Aim of the exercise: The lines in the listing below are to be given again exactly, starting at the line holding "فورد ايفرست XLT نص فل بنزين 2025 6" and ending at the line holding "Used 2022 Chrysler". Do not include pictures.

Extracted information:
- - -
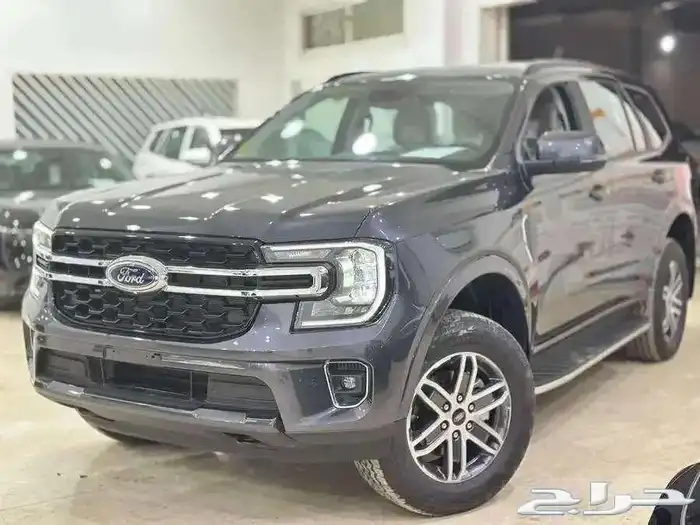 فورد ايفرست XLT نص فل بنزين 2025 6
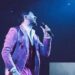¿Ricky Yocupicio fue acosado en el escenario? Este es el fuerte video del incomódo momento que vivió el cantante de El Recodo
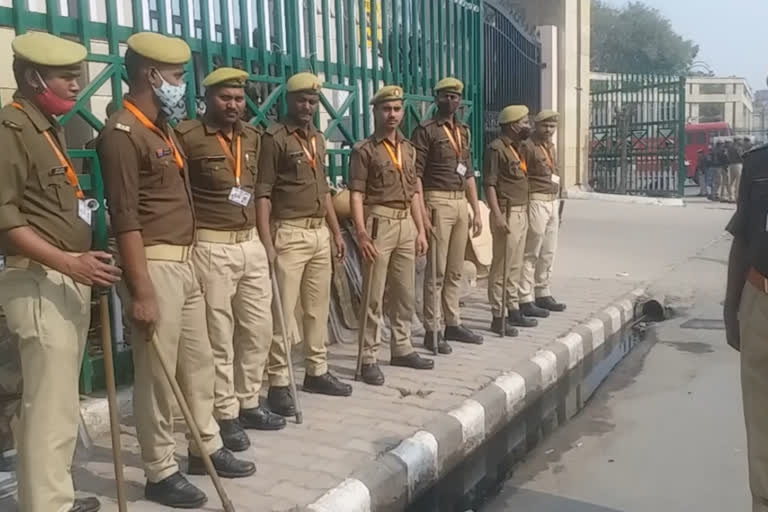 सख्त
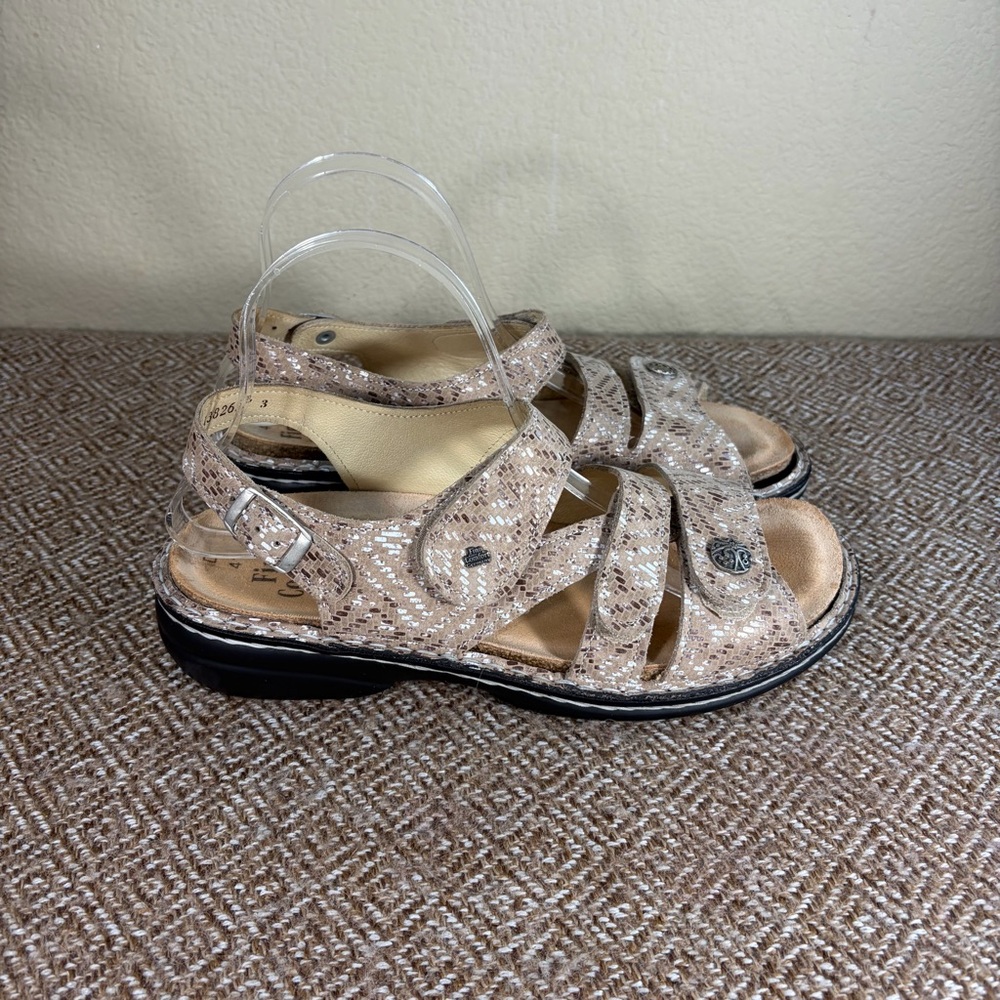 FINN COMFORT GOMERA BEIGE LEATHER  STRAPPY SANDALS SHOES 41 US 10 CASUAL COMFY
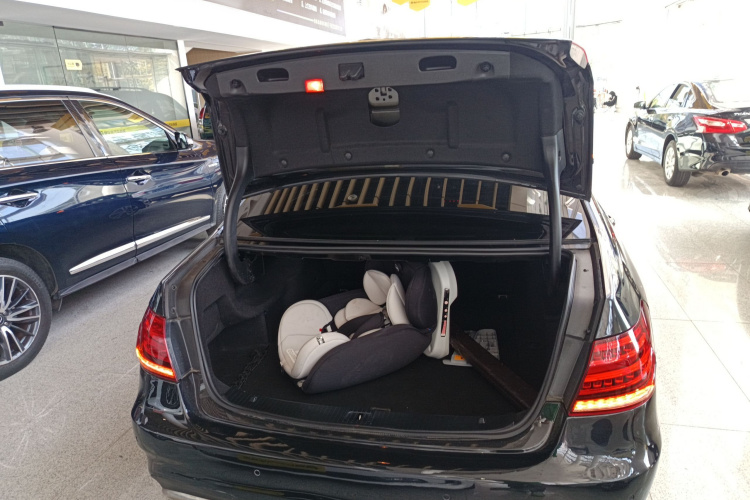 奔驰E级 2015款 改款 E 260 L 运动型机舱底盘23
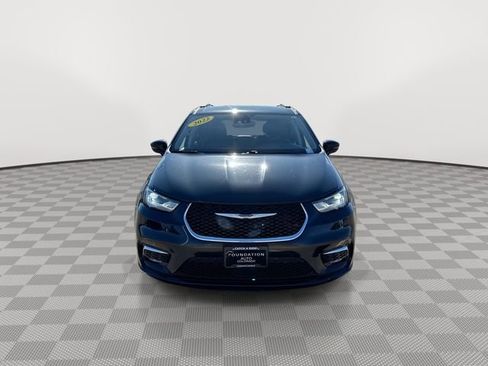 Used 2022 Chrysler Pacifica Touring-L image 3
- - -
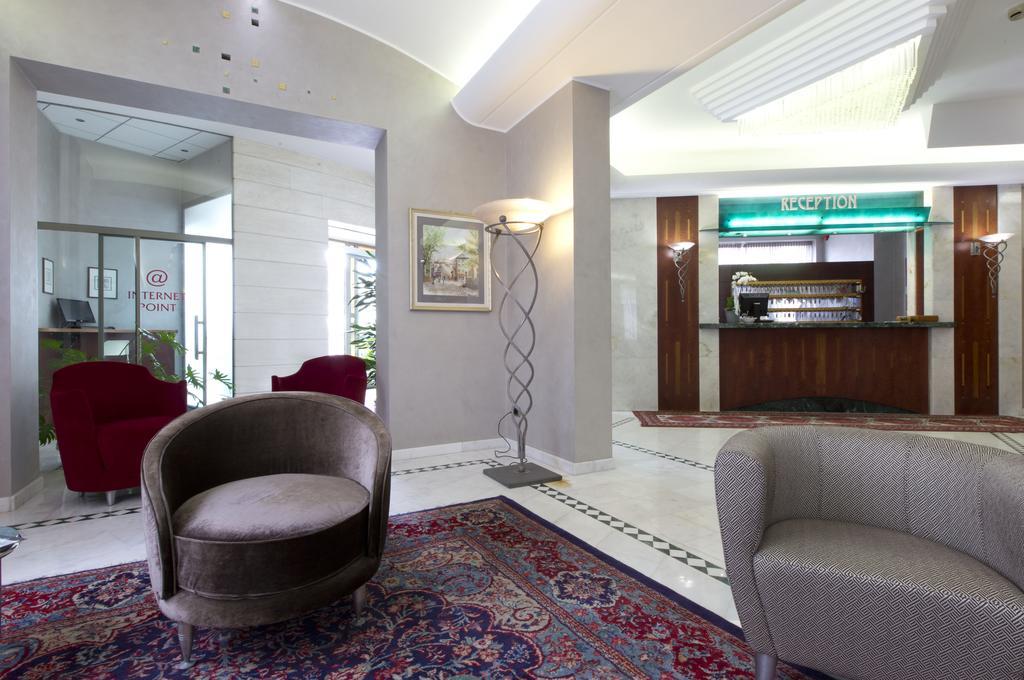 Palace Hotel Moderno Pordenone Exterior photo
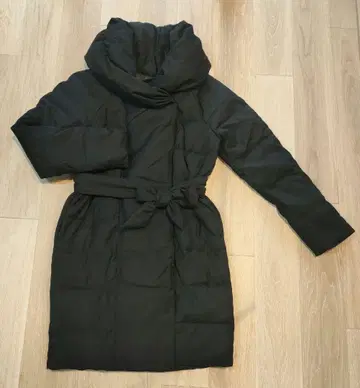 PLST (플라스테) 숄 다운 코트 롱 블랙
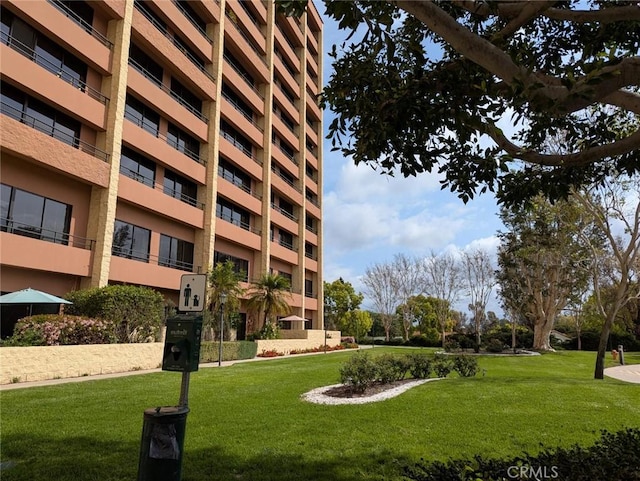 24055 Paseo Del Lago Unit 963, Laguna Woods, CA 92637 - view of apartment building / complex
- - -
Output of the task:
 فورد ايفرست XLT نص فل بنزين 2025 6
¿Ricky Yocupicio fue acosado en el escenario? Este es el fuerte video del incomódo momento que vivió el cantante de El Recodo
 सख्त
 FINN COMFORT GOMERA BEIGE LEATHER  STRAPPY SANDALS SHOES 41 US 10 CASUAL COMFY
 奔驰E级 2015款 改款 E 260 L 运动型机舱底盘23
 Used 2022 Chrysler Pacifica Touring-L image 3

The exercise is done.